A Community of Enquirers
Harry Hine, "Rome, the Cosmos, and the Emperor in Seneca's Natural Questions." Journal of Roman Studies 96 (2006): 42-72, at pp. 58-59.
In effect Seneca is constructing a community of inquirers that stretches across the centuries, backwards as far as the Presocratics, and far forwards into future generations, and in this community no one is a privileged authority deserving to be treated with special respect. This intellectual community — a virtual academy, one might call it — includes not only philosophers writing on meteorology, but also astronomers like Eudoxus and Conon (7.3.2–3), and historians like Ephorus (7.16.1–2). Its past members are predominantly Greek, but it also includes Egyptians and Chaldeans, and a few Romans. Of the Romans, Papirius Fabianus, one of Seneca’s teachers, is briefly cited for his views on the causes of the great flood (3.27.4). Balbillus…gave an account of the behavior of dolphins and crocodiles in the Nile (4a.2.13). In Book 5 Varro is given a prominent role in mapping the wind-rose for the Romans (5.16). In Book 2 the Etruscans and their lightning-lore are discussed at length (2.32–51), and the Roman Caecina, along with Seneca’s teacher Attalus, plays a major part in the analysis and exposition of the Etruscan system (2.49.51). Greek authorities may outnumber the Romans, and the Greeks may have set the standards of argument, but the Romans, when they appear, are treated on equal terms….
Though Seneca does not make the point himself in the Natural Questions, we might see in this imagined academic community some influence from the Stoic idea of the greater republic of men and gods, the world-state that transcends individual states, an idea that Seneca develops elsewhere; for one of his arguments is that we can serve the greater republic through the study of philosophy, which is what he is doing in the Natural Questions… (58–59).
The Struggle to Emerge from Darkness
Gareth Williams, The Cosmic Viewpoint: A Study of Seneca’s Natural Questions (Oxford: Oxford University Press, 2012), pp. 336-337.
Seneca’s persona begins, then, by embracing cosmic consciousness in the preface to Book 3 and develops toward the full experience and exercise of it in the course of the Natural Questions.
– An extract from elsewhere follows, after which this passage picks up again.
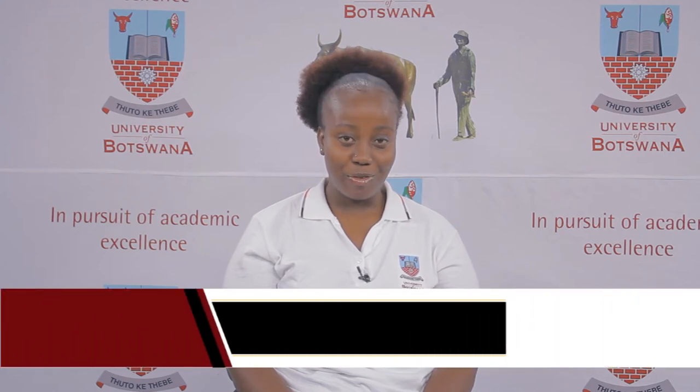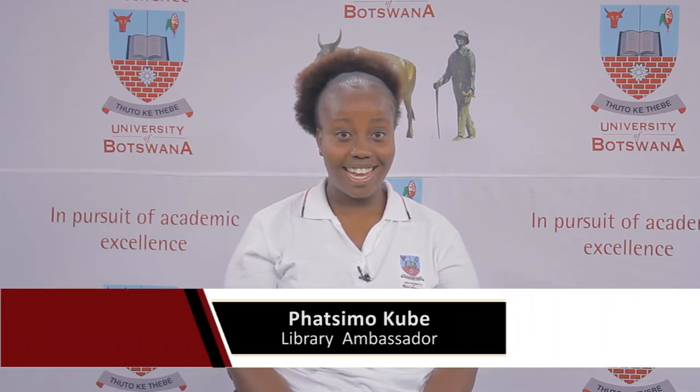Welcome to the University of Botswana Library. My name is Pasi Mugubia, a University of Botswana student and library ambassador.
He may yet be far from the consummate sapiens, but he is nevertheless liberated and detached in ways that Lucilius for one can apparently never be in his Sicilian procuratorship. Seneca is also liberated in ways that distinguish him from the Everyman restricted by the ordinary narrowness of life (cf. angustias, 1 pref.13), and still more from the deviants he condemns in his moralizing outbursts throughout the Natural Questions. Yet his persona also models the release that is available to Everyman if our existence is re-centered in the cosmic whole.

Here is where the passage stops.